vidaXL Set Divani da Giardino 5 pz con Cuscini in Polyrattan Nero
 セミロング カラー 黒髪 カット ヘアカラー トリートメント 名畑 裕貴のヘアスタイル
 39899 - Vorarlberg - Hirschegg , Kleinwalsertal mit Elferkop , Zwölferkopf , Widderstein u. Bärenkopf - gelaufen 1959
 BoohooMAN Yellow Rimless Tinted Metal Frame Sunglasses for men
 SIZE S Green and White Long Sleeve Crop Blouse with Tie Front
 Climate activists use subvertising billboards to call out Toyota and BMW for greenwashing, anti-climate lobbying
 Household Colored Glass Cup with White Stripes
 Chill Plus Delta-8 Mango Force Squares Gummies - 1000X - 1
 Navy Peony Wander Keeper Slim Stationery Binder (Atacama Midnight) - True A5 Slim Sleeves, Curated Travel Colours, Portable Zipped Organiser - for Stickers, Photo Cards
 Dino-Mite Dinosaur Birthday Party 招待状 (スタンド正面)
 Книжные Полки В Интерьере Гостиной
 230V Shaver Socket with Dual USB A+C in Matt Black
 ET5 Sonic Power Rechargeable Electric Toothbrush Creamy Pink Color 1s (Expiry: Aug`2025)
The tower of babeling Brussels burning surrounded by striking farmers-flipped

- - -

Work order |
Starting at the line with "セミロング カラー 黒髪 カット ヘアカラー トリートメント 名畑 裕貴のヘアスタイル" and ending at the line with "SIZE S Green", print each line of the listing above exactly, with no other lines.

The answer |
 セミロング カラー 黒髪 カット ヘアカラー トリートメント 名畑 裕貴のヘアスタイル
 39899 - Vorarlberg - Hirschegg , Kleinwalsertal mit Elferkop , Zwölferkopf , Widderstein u. Bärenkopf - gelaufen 1959
 BoohooMAN Yellow Rimless Tinted Metal Frame Sunglasses for men
 SIZE S Green and White Long Sleeve Crop Blouse with Tie Front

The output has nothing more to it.